Activity: Leaving out all pictures, copy the lines below exactly, from the line with "49 Citrus Ridge" to the last line, both ends included.

Data shown:
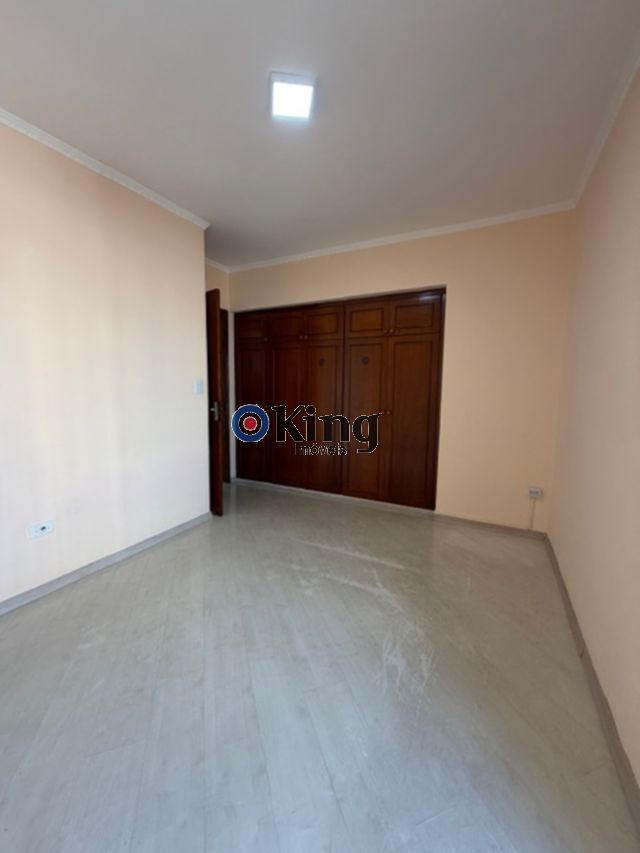 6f21701f-d624-4953-9e51-08f5dfeb9a0b-KING IMOVEIS APARTAMENTO VILA BEATRIZ 74585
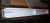 LITECONTROL 6 FT 120 VOLT LIGHTING FIXTURE LG-D-66N26T8-CWM-IND-ELB-*V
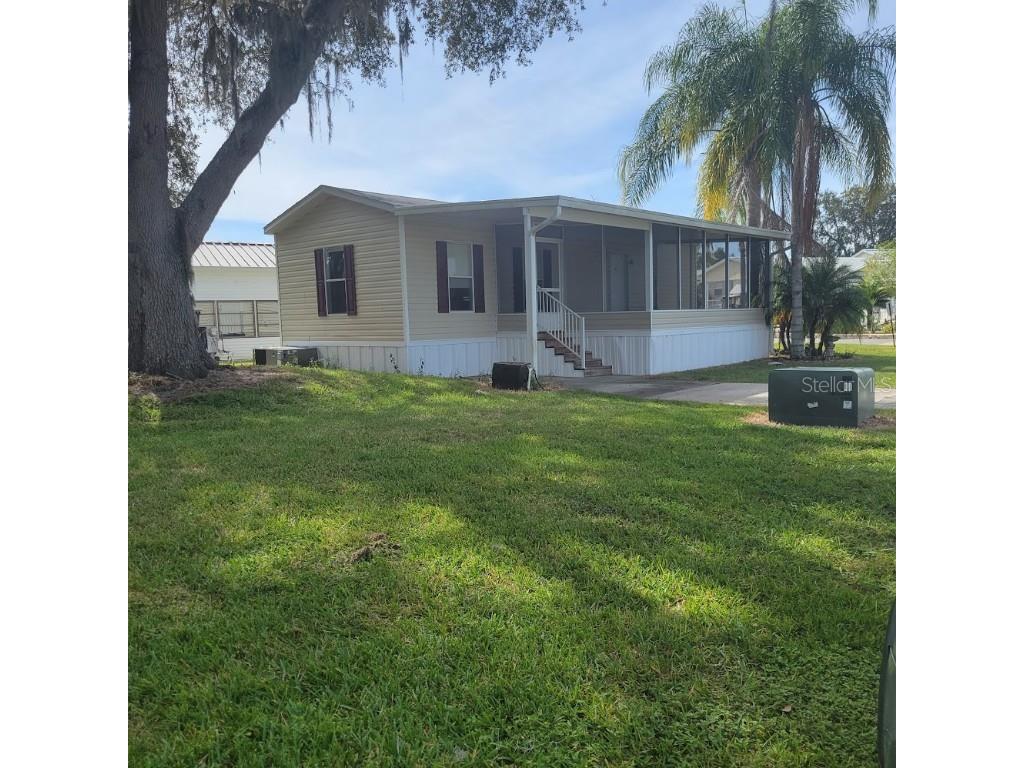 49 Citrus Ridge Drive Davenport FL 33837 P4927828 image1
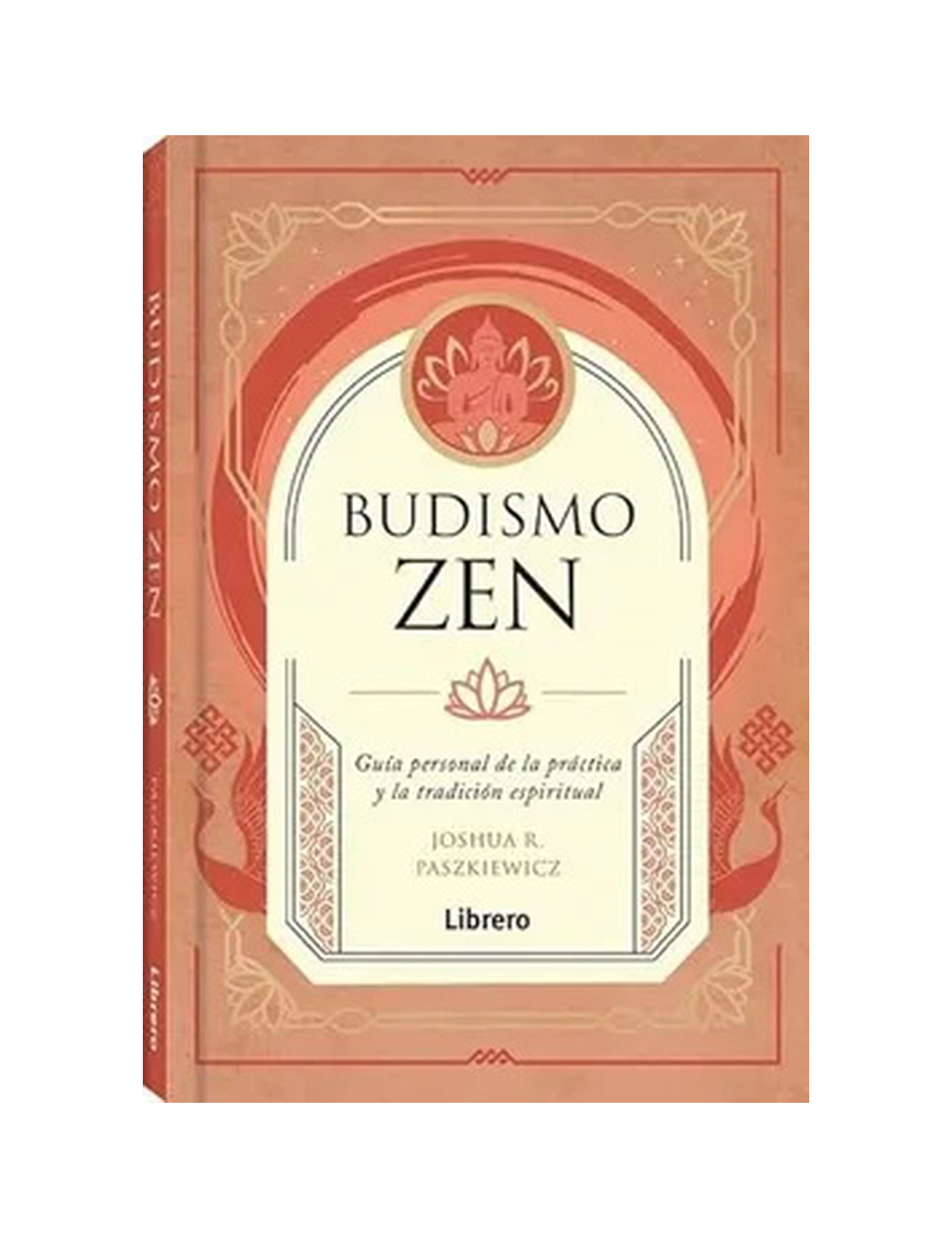 Budismo Zen-0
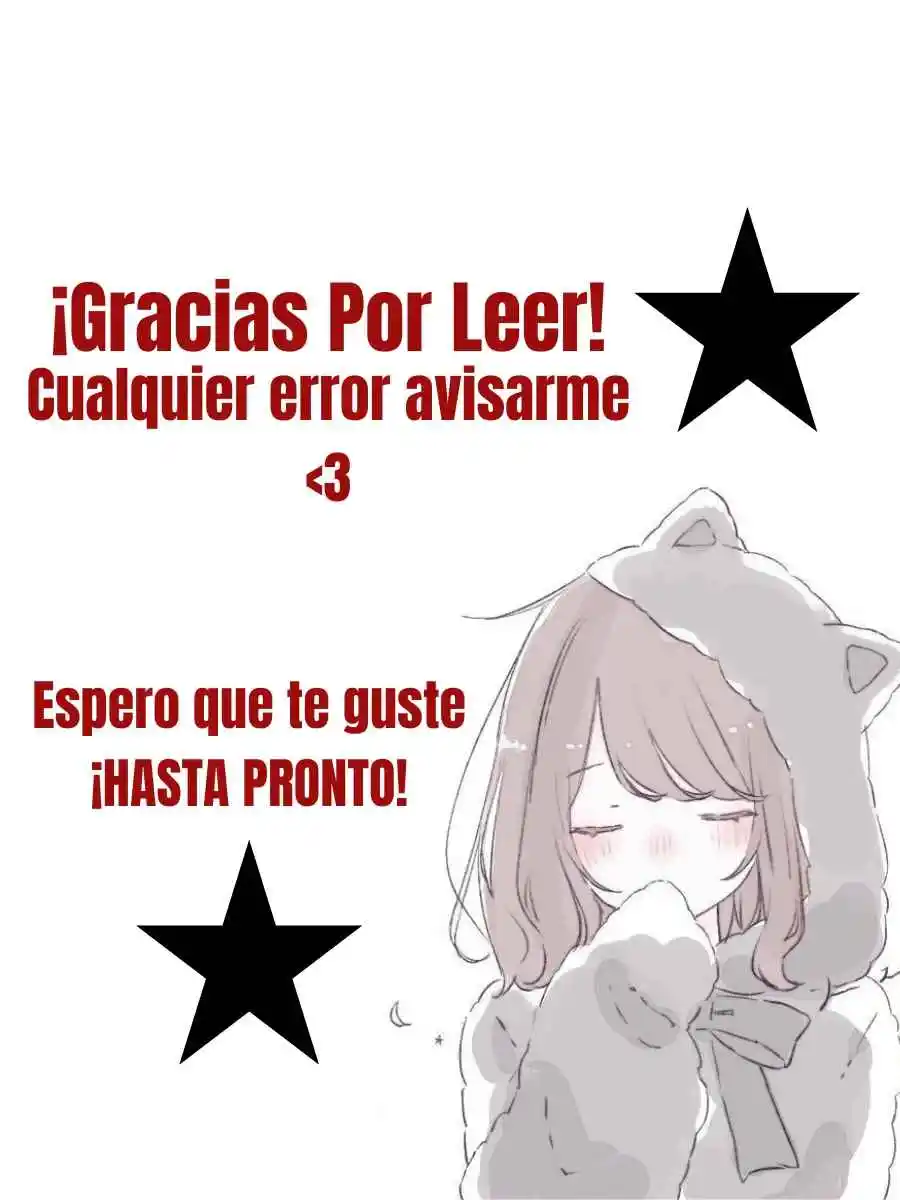 Mahō To Bōken No Sekai (Novela) - Capítulo 0.5 - Página 6 - LectorTMOo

Task response:
 49 Citrus Ridge Drive Davenport FL 33837 P4927828 image1
 Budismo Zen-0
 Mahō To Bōken No Sekai (Novela) - Capítulo 0.5 - Página 6 - LectorTMOo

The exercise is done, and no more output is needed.